In deze zaak gaat het om een executiegeschil dat is ontstaan na de vernietiging van een koopovereenkomst tussen eiser en gedaagde. Eiser had op 1 april 2017 een paard, Heavenly Lady, verkocht aan gedaagde voor € 55.000,00. Na de levering op 2 april 2017 ontdekte gedaagde afwijkend gedrag aan het paard en heeft hij op 3 mei 2017 de koopovereenkomst ontbonden op grond van bedrog of dwaling. De rechtbank en het Gerechtshof Arnhem-Leeuwarden hebben in eerdere uitspraken geoordeeld dat de koopovereenkomst rechtsgeldig is vernietigd en dat eiser de koopprijs en schadevergoeding aan gedaagde moet terugbetalen.
Eiser heeft in kort geding gevorderd om gedaagde te verbieden executoriale maatregelen te treffen en het beslag op zijn bankrekening op te heffen.
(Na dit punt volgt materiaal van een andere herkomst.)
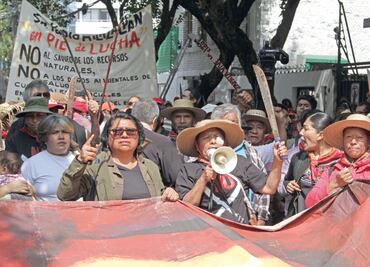 Con machetes, rechazan la construcción del NAIM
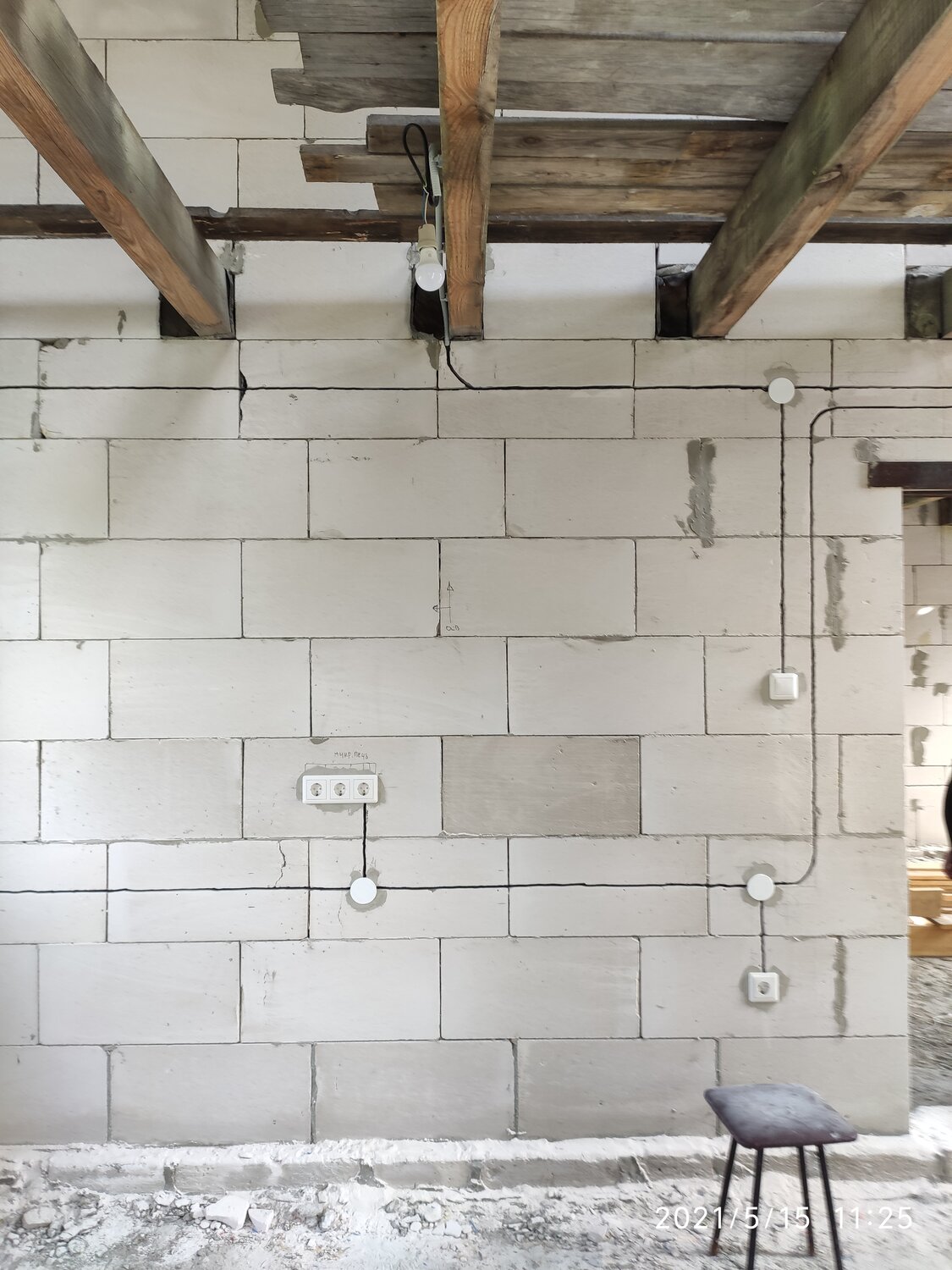 электрика в газобетонном доме, электрика в газобетоне, газоблок без отделки литва, стена из газобетона, отделка дома из пеноблоков внутри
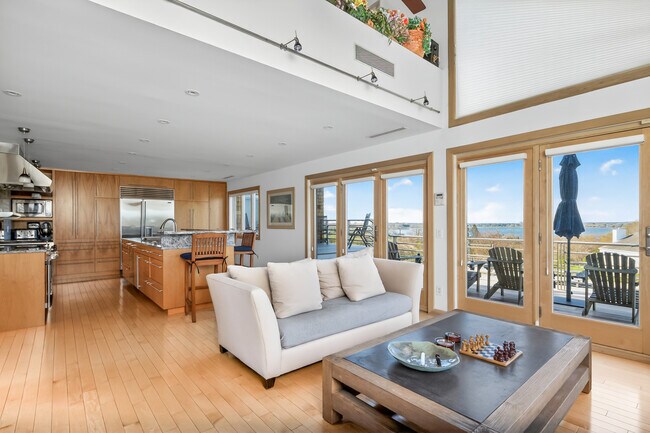 Foto del edificio - 30 Homeward Ln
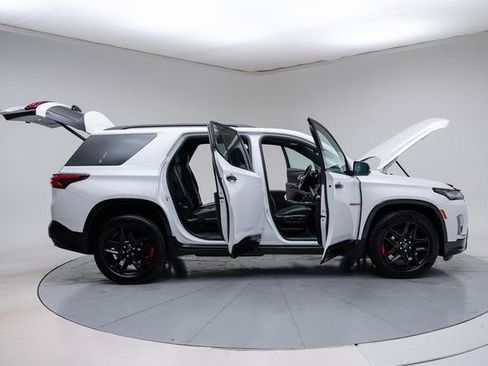 Used 2022 Chevrolet Traverse Premier w/ Redline Edition image 13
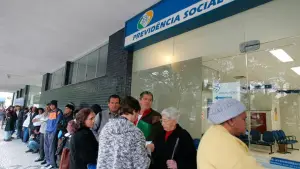 Regra de transição do INSS exigirá 60 anos de idade para mulheres e 65 para homens a partir de janeiro de 2027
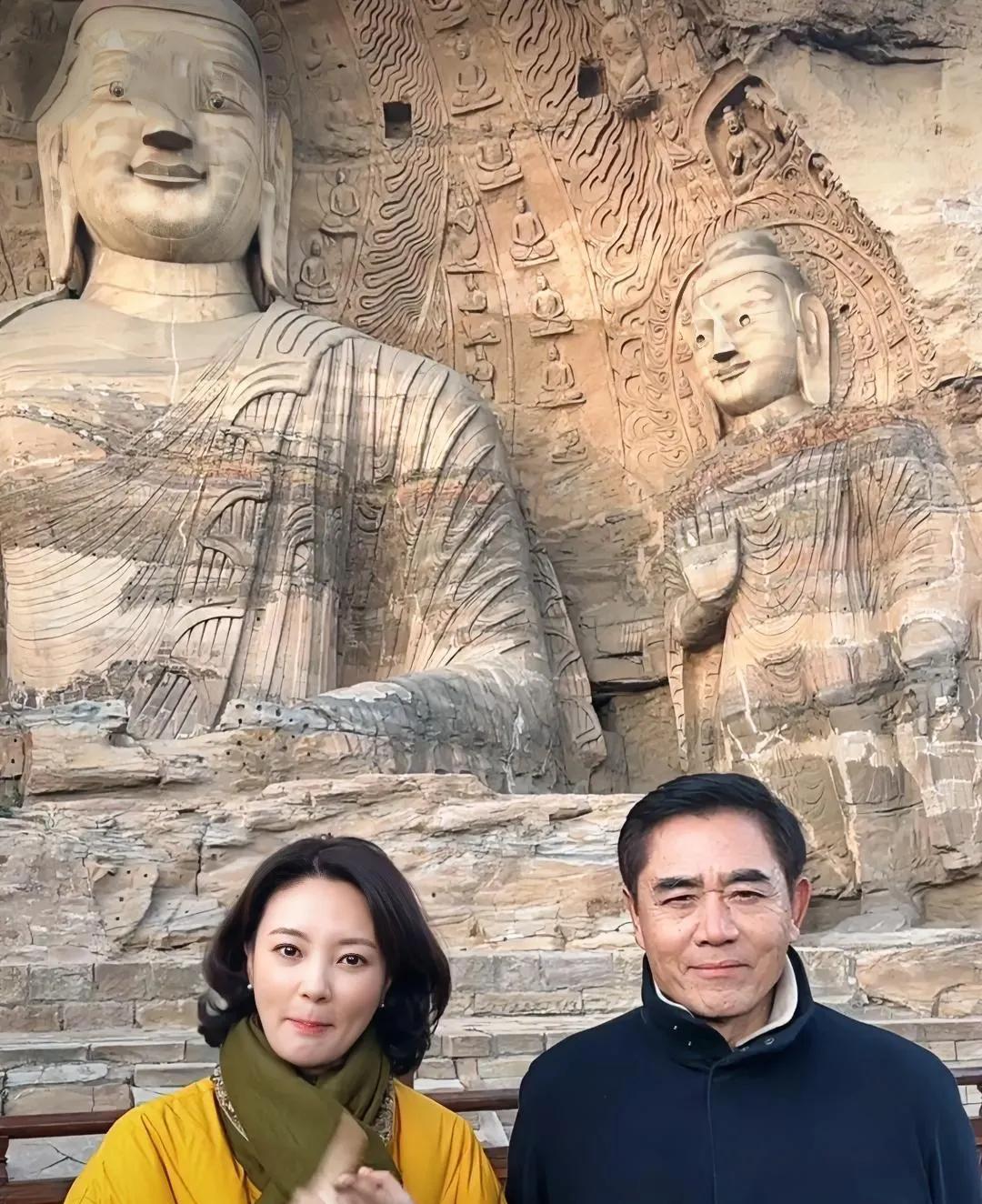大同云冈石窟下的中年男女
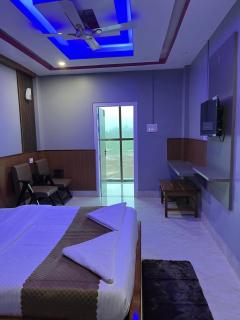 Chegra Guest House - - 2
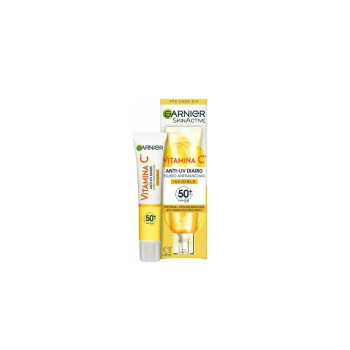 Garnier Skinactive Vitamina C Fluido Antimanchas SPF50 - Kermatone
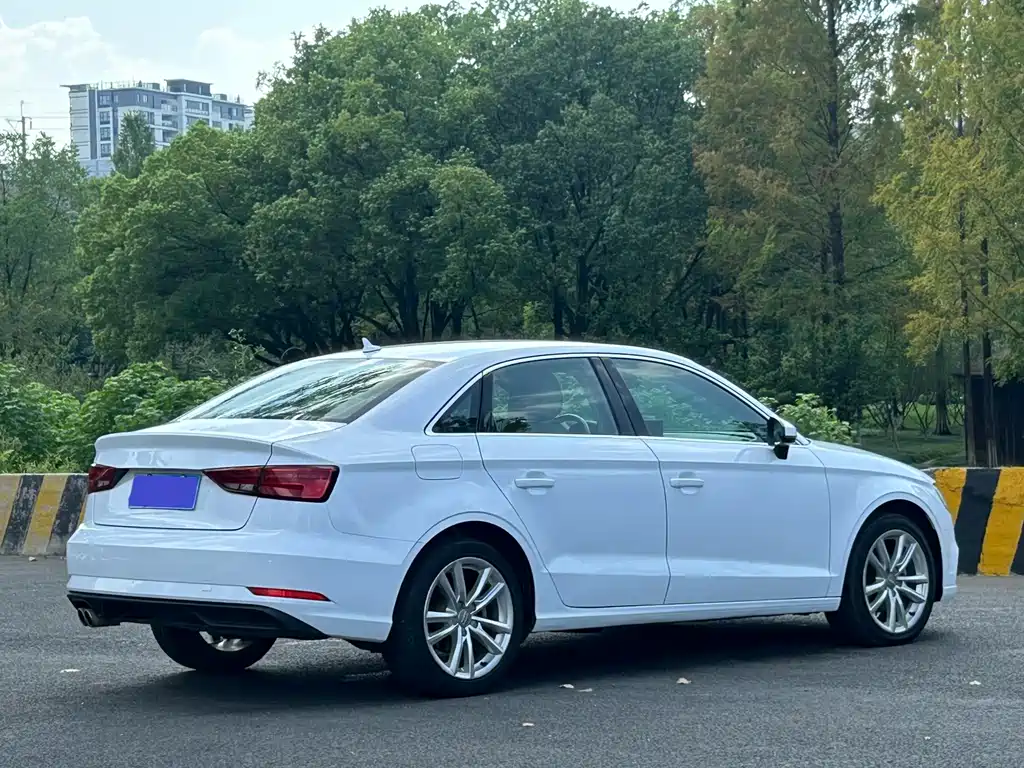 Audi A3 2018 — фото 7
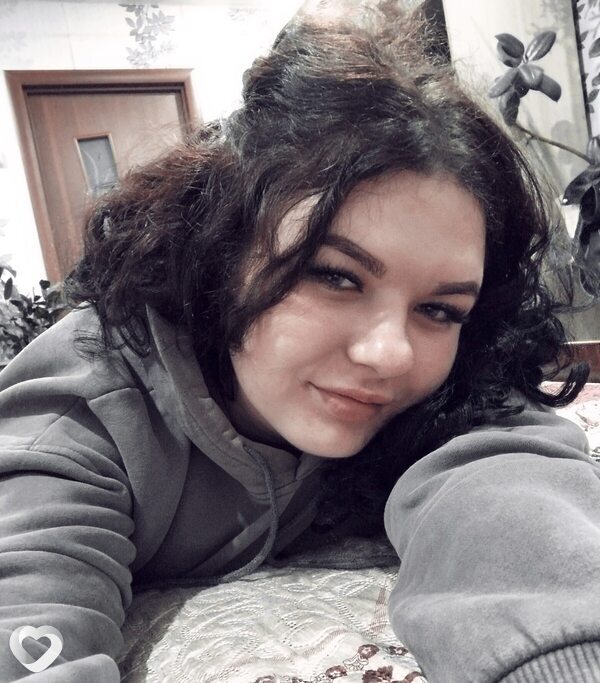 Ангелина, 22, Омске — анкета №2408763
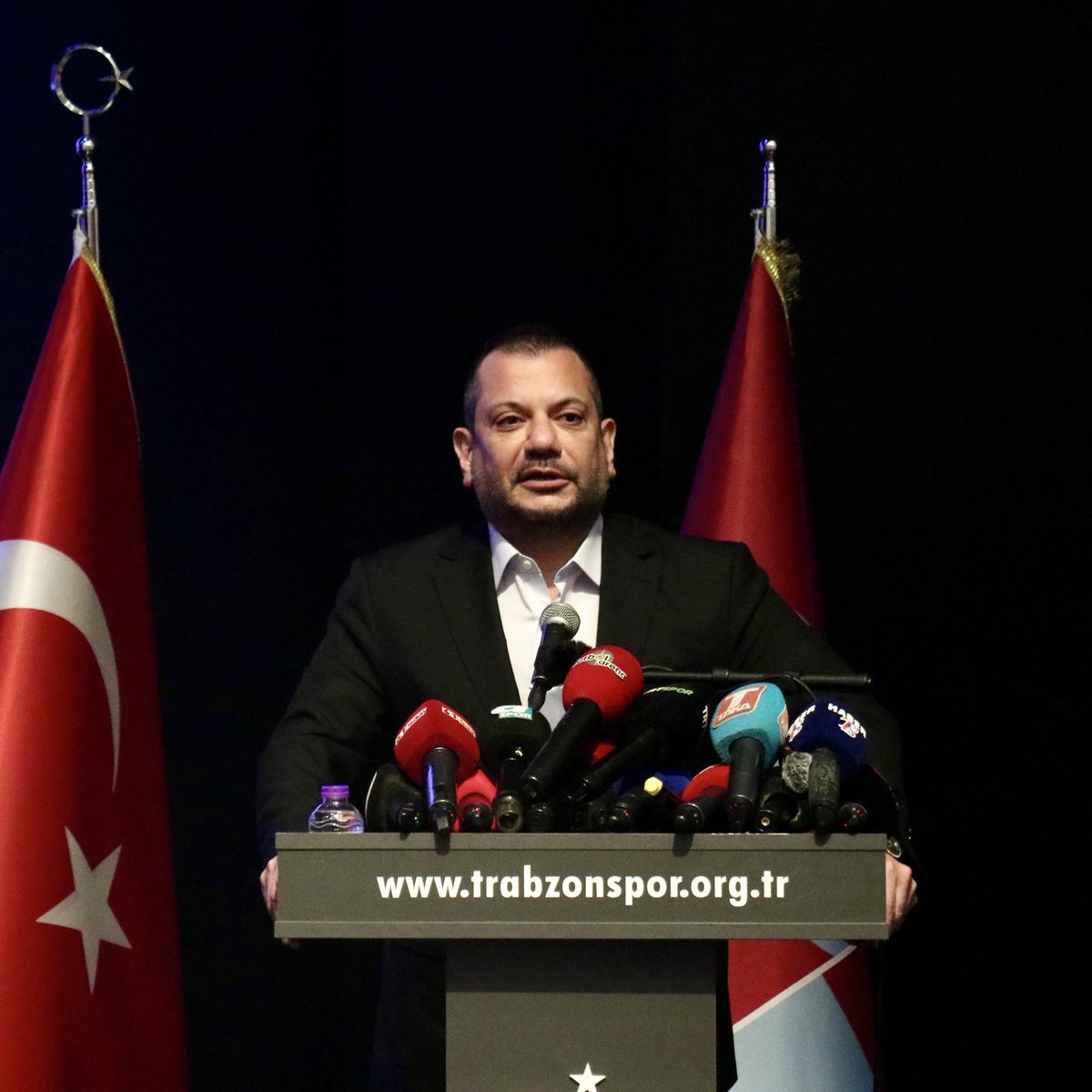 tskulis61's tweet photo. Ertuğrul Doğan: "Taraftarımızın aklında bir şey kalmasın. İlk geldiğimiz zaman ekonomi kaynaklı içimizden geçen transferleri yapamadık. Trabzonspor'un hem ligde hem de Avrupa'da zirve yarışında olabilmesi için devre arasında hocamızdan gelen ter türlü talebi yerine getireceğiz. Kim gerekiyorsa onu alacağız. Hocamızın istediği tüm oyunculara talip olup tüm şartları zorlayacağız. Ekonomik olarak daha rahatız. Tedirgin değiliz."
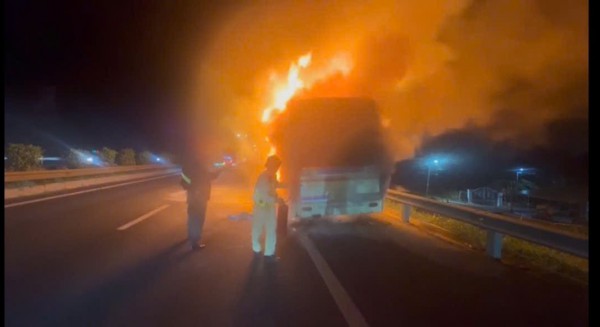 Xe khách cháy rụi trên cao tốc TPHCM-Trung Lương, 10 hành khách thoát nạn
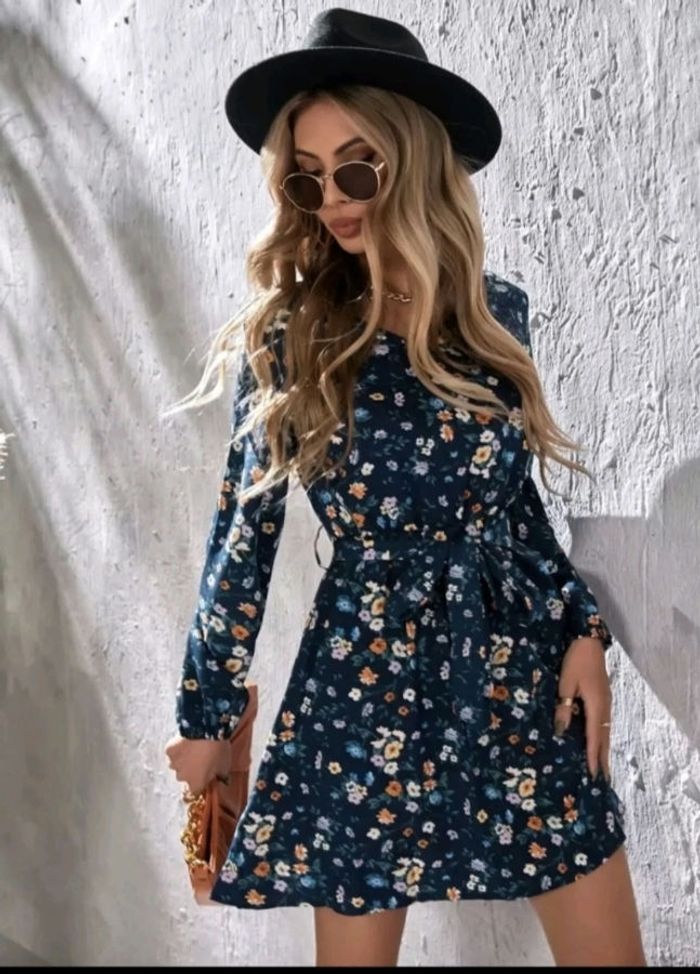 Robe fleurie - photo numéro 3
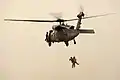 Pararescuemen hélitreuillés à bord d'un HH-60G en Irak.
Eiser stelt dat gedaagde misbruik maakt van zijn bevoegdheid om het arrest van het gerechtshof te executeren, omdat het paard inmiddels is overleden en gedaagde niet kan voldoen aan zijn verplichtingen. Gedaagde heeft de vorderingen van eiser betwist en aangevoerd dat het overlijden van het paard geen nieuw feit is en dat hij aan zijn zorgplicht heeft voldaan.
De voorzieningenrechter heeft geoordeeld dat de vorderingen van eiser moeten worden afgewezen. De voorzieningenrechter heeft vastgesteld dat het belang van gedaagde bij de tenuitvoerlegging van het arrest prevaleert, omdat het gaat om een veroordeling tot betaling van een geldsom. Eiser heeft onvoldoende aannemelijk gemaakt dat er sprake is van een restitutierisico. Bovendien heeft de voorzieningenrechter geoordeeld dat eiser de verkeerde partij heeft gedagvaard, aangezien de vordering van gedaagde aan een derde is gecedeerd. Eiser is veroordeeld in de proceskosten.